◆ **MATERIAL PROVIDED**
BEGIN

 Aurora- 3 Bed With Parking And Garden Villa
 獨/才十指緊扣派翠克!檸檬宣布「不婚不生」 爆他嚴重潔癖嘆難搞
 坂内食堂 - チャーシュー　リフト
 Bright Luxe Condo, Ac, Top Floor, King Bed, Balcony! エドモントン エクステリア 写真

END
BEGIN

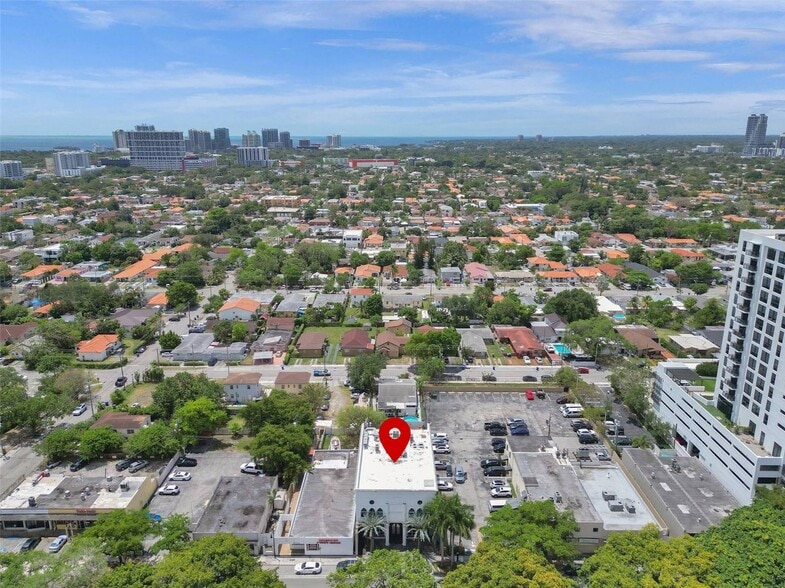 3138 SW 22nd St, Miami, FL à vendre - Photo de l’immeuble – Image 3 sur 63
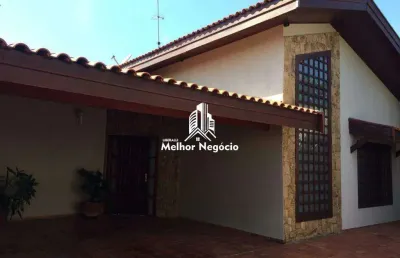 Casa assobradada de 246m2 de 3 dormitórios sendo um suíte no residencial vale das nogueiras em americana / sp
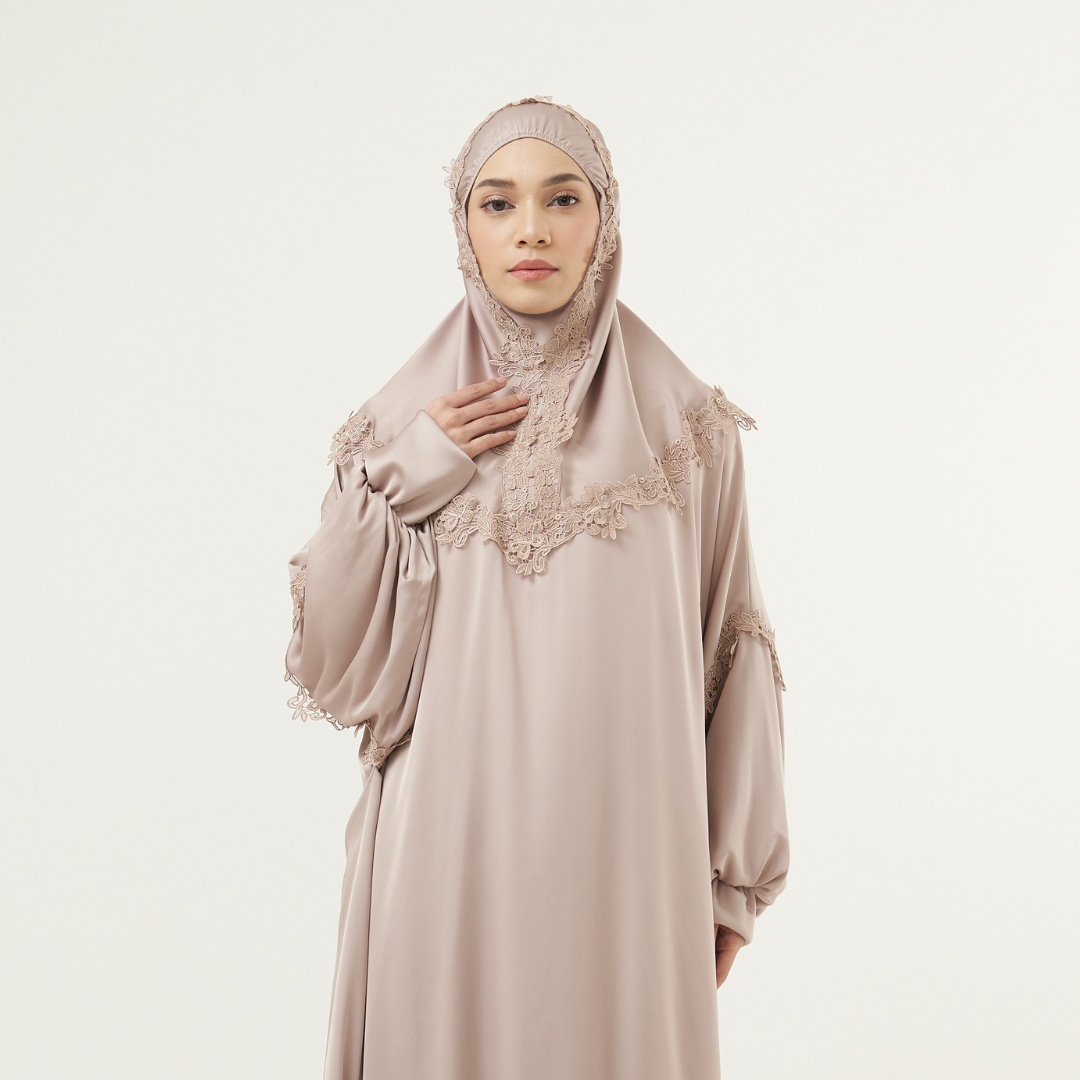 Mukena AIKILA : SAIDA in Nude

END

◆ **WHAT NEEDS TO BE DONE**
Using the records above, repeat exactly the run of lines that starts with the line with "Casa assobradada de" and goes on through the line with "Mukena AIKILA : SAIDA in Nude"; omit each picture.

◆ **YOUR SOLUTION**
 Casa assobradada de 246m2 de 3 dormitórios sendo um suíte no residencial vale das nogueiras em americana / sp
 Mukena AIKILA : SAIDA in Nude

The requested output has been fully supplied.